En realidad, este no deja de ser mi primer post profesional y no sé como enfocarlo. No doy con una temática definida sobre lo que empezar a hablar y continuar hablando, desde ese punto de partida. En teoría, como blog profesional que éste reza ser, debería de tratar temas relacionados con mi profesión y experiencias profesionales, pero es ahí donde topo de bruces con la disyuntiva.

     Mi profesión, de la Arquitectura Técnica, la del Aparejador de toda la vida, esa que ahora no encuentra nombre ni lugar ni ocasión.

     De un tiempo a ésta parte, en concreto, desde que estalló nuestra adorada crisis, hemos tenido que reinventarnos en un sector, el nuestro, en coma forzosamente inducido. Los que aún quedamos en activo ejerciendo, lo hacemos por pura supervivencia, cada vez a menos, dentro de un panorama nada halagüeño.

     Quizá mi caso particular no sea el más indicativo, quizá explique el porqué más adelante, pero si puede, ayudar a otros compañeros que se encuentren ahora mismo en situación de no saber qué hacer o cómo comenzar con su vida profesional.

     En llano, sin preámbulos ni eufemismos, la única salida de nuestro sector, dentro de España, ahora mismo, es ejercer nuestra profesión por libre. Ventajas, pocas, inconvenientes, muchos (por no decir, todos). La situación es complicada, no vamos a ocultarlo. A nadie se le escapa a estas alturas. Estamos en vías de extinción y más cuando, en medio de ésta situación catastrófica, no teniendo un mercado laboral digno en nuestra patria, se nos cierran las puertas y salidas al mercado laboral extranjero por dejar que otros pretendan nombrarnos ahora como ellos quieran o les convenga.

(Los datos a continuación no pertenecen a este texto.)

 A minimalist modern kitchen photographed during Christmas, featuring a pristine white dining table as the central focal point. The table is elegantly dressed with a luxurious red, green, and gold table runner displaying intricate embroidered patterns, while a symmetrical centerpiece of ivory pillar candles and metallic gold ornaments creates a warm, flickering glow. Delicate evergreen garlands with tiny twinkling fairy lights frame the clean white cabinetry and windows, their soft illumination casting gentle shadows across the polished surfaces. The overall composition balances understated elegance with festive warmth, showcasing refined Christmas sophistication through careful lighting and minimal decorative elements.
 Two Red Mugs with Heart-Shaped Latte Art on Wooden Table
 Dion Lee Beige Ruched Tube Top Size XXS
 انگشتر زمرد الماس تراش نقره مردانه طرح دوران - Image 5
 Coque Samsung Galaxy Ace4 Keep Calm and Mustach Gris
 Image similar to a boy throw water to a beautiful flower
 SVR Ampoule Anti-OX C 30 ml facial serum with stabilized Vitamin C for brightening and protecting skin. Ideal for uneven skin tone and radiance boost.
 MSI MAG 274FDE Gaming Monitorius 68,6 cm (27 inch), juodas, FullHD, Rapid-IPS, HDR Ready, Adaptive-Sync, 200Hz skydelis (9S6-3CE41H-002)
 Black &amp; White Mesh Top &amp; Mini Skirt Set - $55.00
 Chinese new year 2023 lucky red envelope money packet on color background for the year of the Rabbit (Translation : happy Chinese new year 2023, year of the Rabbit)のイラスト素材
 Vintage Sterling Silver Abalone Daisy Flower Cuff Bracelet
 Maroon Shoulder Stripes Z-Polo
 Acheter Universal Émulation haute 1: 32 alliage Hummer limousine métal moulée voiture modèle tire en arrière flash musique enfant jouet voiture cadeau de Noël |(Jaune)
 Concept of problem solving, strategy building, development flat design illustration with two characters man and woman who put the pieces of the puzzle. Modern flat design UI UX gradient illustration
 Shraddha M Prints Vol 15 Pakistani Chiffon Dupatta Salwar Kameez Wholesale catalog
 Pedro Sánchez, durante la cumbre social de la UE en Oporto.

     Ya he expresado mi opinión al respecto en otros sitios y redes sociales, lo vuelvo a hacer, no me cansaré de decirlo, ni ahorraré saliva al respecto. Me parece que todo éste tema de llamarnos A ó B para adaptarnos al bendito Plan Bolonia, no deja de ser una cortina de humo para entorpecer nuestra salida, sí, la nuestra, la de los Arquitectos Técnicos y Aparejadores, al exterior de nuestras fronteras en donde ganarnos el respeto y el sitio, dentro de la edificación, que debiéramos ya tener.

    Ni que decir tiene que reconocer nuestra figura en el extranjero es lo principal, ahí radica una lucha ya tardía. Que cualquiera en la vieja Europa, la nueva América, la olvidada África y la creciente Asia, sepa la labor que desempeñamos y la versatilidad de la que hacemos honor, sin mencionar los honorarios que cobramos por todo ello, menores que los de arquitectos e ingenieros, asumiendo, eso sí, las mismas responsabilidades (civiles y penales, que parece que luego se olvida).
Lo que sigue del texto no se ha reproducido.